In 1986, Everett joined coach Marty Schottenheimer's Cleveland Browns in week eight and contributed with 18 special teams tackles and a fumble recovery under Special Teams coach Bill Cowher. Everett had three special teams tackles in the exciting AFC Championship game dubbed "The Drive" against the Denver Broncos that season.

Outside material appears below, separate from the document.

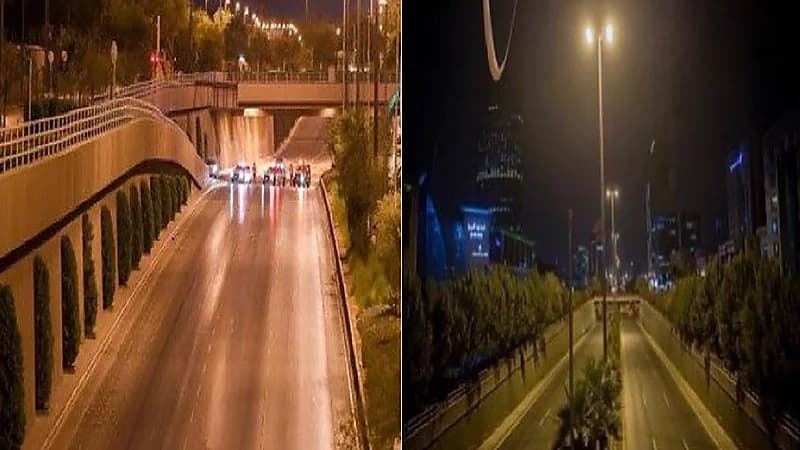 الحظر الكلي يتصدر مواقع التواصل الاجتماعي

After spending the first part of the 1987 season with the Browns, Everett completed his professional career with the Atlanta Falcons in 1987 where he played on all specialty units, even forcing a fumble from Cowboys kick-off return player, that led to a touchdown in a victory over the Dallas Cowboys.

===Statistics===

|  | Rushing |  |  |  |  |  | Receiving |  |  |  |  |
|---|---|---|---|---|---|---|---|---|---|---|---|
| YEAR | TEAM | ATT | YDS | AVG | LP | TD | NO. | YDS | AVG | LP | TD |
| 1983 | PHI | 5 | 7 | 1.4 | 7 | 0 | 2 | 18 | 9.0 | 11 | 0 |
| 1984 | PHI | 0 | 0 | 0 | 0 | 0 | 0 | 0 | 0 | 0 | 0 |
| 1985 | PHI | 4 | 13 | 3.3 | 8 | 0 | 4 | 25 | 6.3 | 11 | 0 |
| 1986 | CLE | 12 | 43 | 3.6 | 8 | 0 | 0 | 0 | 0.0 | 0 | 0 |
| 1987 | CLE | 34 | 95 | 2.8 | 16 | 0 | 8 | 41 | 5.1 | 10 | 0 |
| 1987 | ATL | 0 | 0 | 0.0 | 0 | 0 | 0 | 0 | 0.0 | 0 | 0 |
| Totals | — | 55 | 158 | 2.9 | 16 | 0 | 14 | 84 | 6.0 | 11 | 0 |

==Post-NFL career==
Everett is the president and founder of Maj Thirty Nine, Inc., a real estate investment and development firm. In 1995, he established The Major Everett Foundation and remains active in the National Football League Players Association. Major and his wife, Valarie, actively participate in NFL events for retired players and their spouses in the Atlanta and Philadelphia areas. He supports many philanthropic efforts in the community where needed, particularly benefiting youth and educational opportunities, and health and wellness initiatives.

==Honors==
- Everett was inducted into the Mississippi College Athletic Hall of Fame in 1998.
- Everett served on the Mississippi College Board of Trustees from 2006 to 2012.